* _SUPPLIED DATA_:
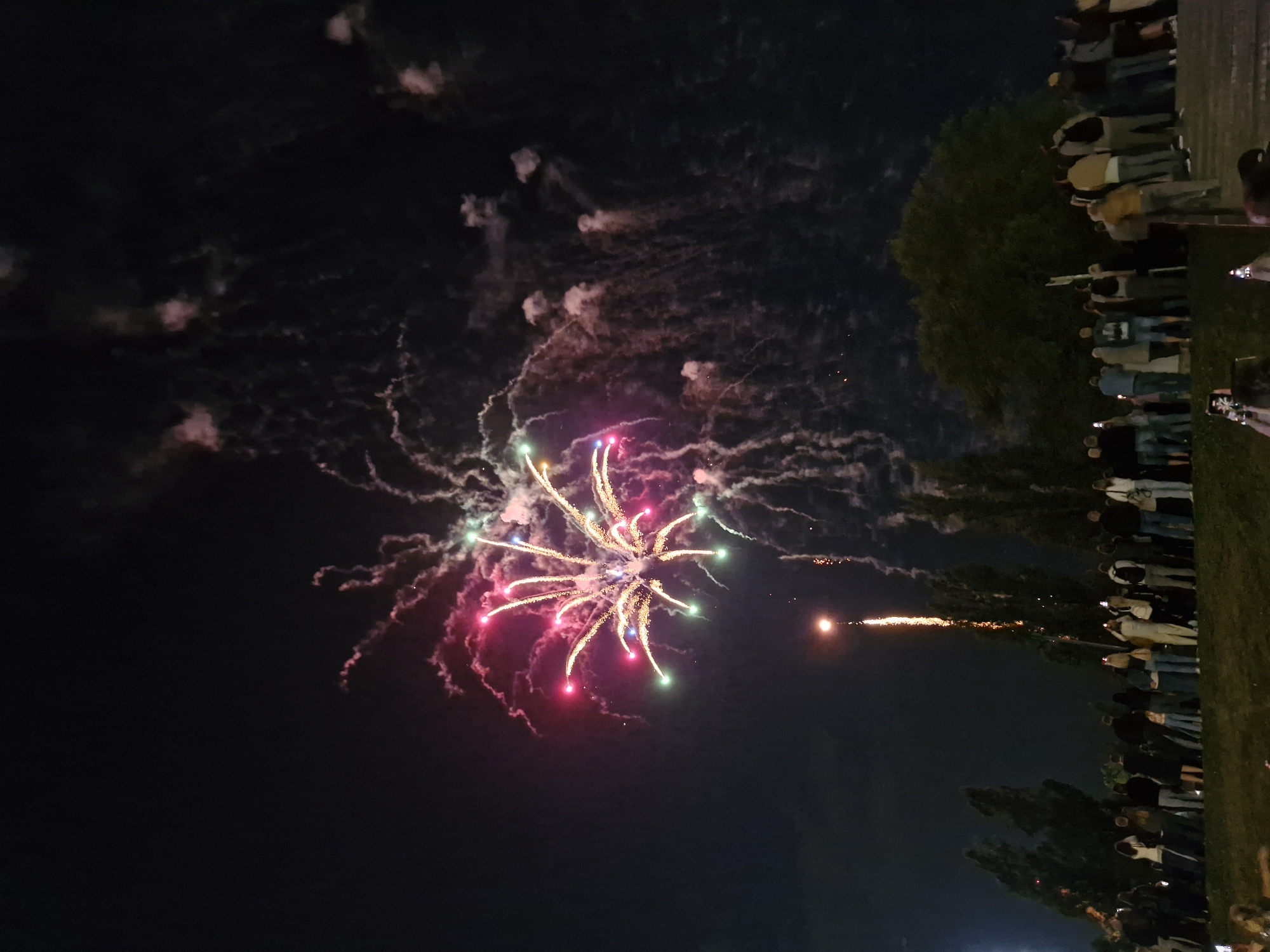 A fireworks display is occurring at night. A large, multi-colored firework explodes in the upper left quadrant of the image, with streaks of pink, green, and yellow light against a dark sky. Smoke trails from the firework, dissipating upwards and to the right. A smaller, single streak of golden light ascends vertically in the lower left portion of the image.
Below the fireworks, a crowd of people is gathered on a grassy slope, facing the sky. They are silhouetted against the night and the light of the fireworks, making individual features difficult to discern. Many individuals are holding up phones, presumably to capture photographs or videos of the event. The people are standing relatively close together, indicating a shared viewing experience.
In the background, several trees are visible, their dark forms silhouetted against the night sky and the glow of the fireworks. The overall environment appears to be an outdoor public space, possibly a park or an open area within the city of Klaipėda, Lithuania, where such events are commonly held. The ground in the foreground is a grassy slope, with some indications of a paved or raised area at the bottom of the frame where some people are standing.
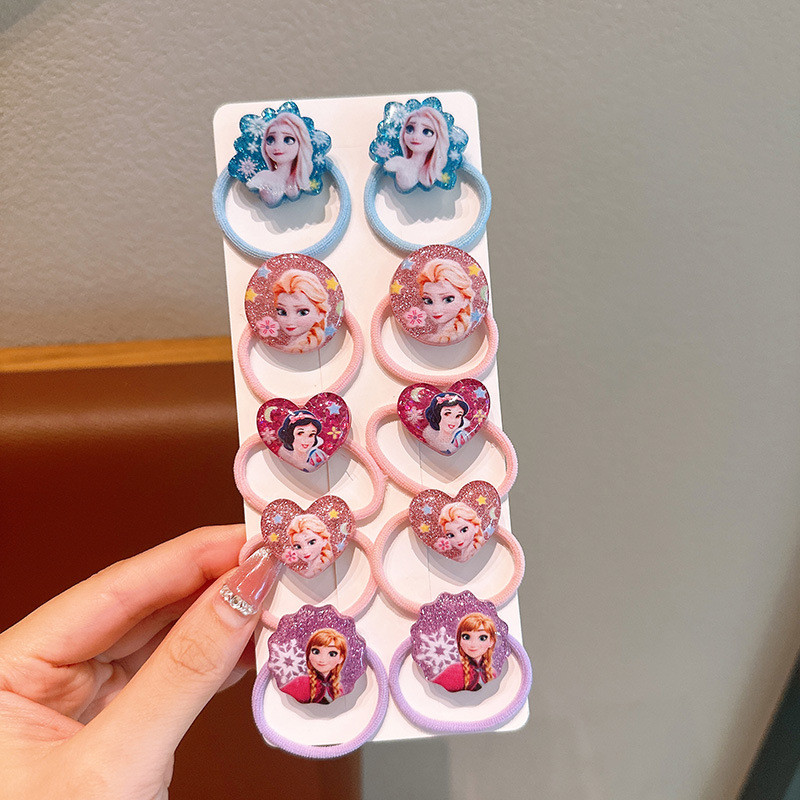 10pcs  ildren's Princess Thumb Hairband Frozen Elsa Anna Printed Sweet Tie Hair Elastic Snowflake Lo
==
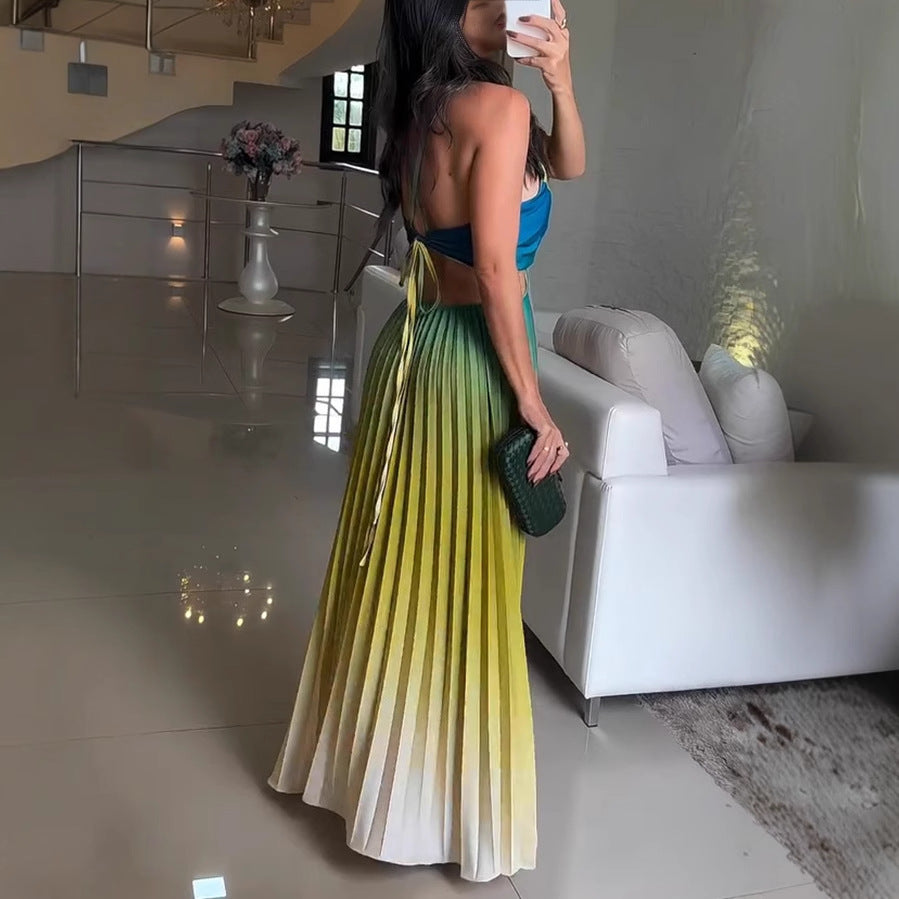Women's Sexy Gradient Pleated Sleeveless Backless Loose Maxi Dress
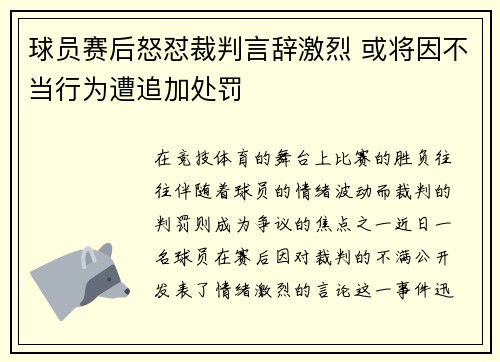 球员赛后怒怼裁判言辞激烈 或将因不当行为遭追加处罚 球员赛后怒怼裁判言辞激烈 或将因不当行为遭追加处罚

* _WORK TO BE COMPLETED_:
Look above for every line with the word "silhouetted" and copy it.

* _ANSWER BOX_:
Below the fireworks, a crowd of people is gathered on a grassy slope, facing the sky. They are silhouetted against the night and the light of the fireworks, making individual features difficult to discern. Many individuals are holding up phones, presumably to capture photographs or videos of the event. The people are standing relatively close together, indicating a shared viewing experience.
In the background, several trees are visible, their dark forms silhouetted against the night sky and the glow of the fireworks. The overall environment appears to be an outdoor public space, possibly a park or an open area within the city of Klaipėda, Lithuania, where such events are commonly held. The ground in the foreground is a grassy slope, with some indications of a paved or raised area at the bottom of the frame where some people are standing.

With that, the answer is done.